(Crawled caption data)
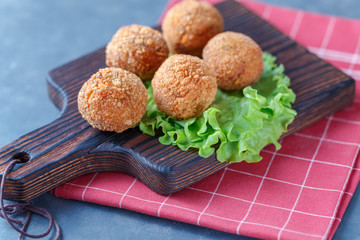 Falafel lies on a wooden cutting board. On the table lie tomatoes, cucumbers, lettuce, salad, dill, lemon, sour cream.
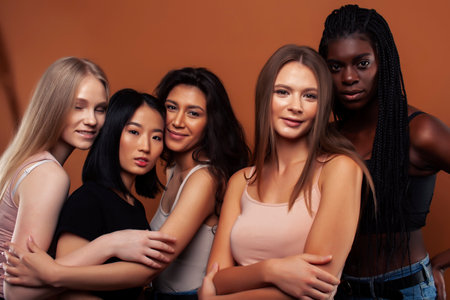 young pretty asian, caucasian, afro woman posing cheerful together on brown background, lifestyle diverse nationality people conceptの写真素材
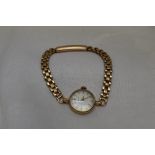 A lady's 9ct gold wrist watch by Mappin having a baton numeral dial to circular face on 9ct gold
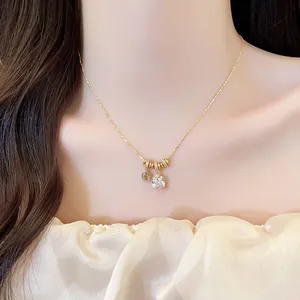 Detail view of an elegant 18k gold plated square zircon pendant necklace on a model's neck
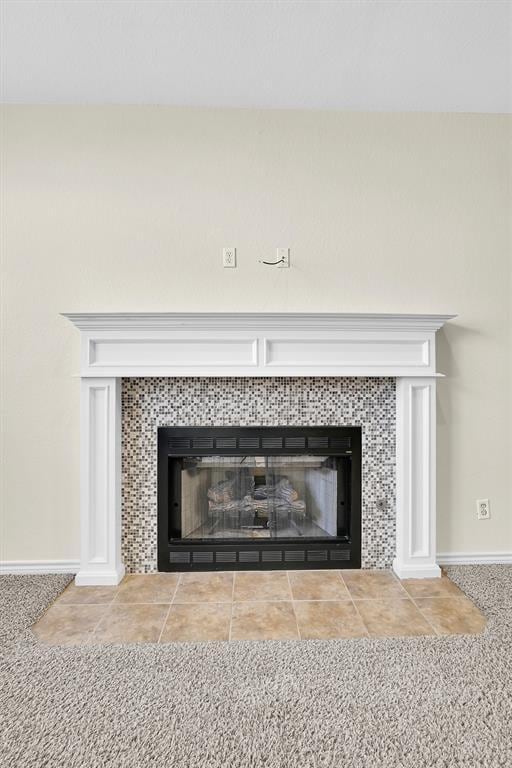 interior details with a tile fireplace and carpet floors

▶ _Task requirements_
Each line from the one containing "Detail view of" down to the final line of the records above must be reproduced exactly; no pictures go into the copy.

▶ _Answer_
 Detail view of an elegant 18k gold plated square zircon pendant necklace on a model's neck
 interior details with a tile fireplace and carpet floors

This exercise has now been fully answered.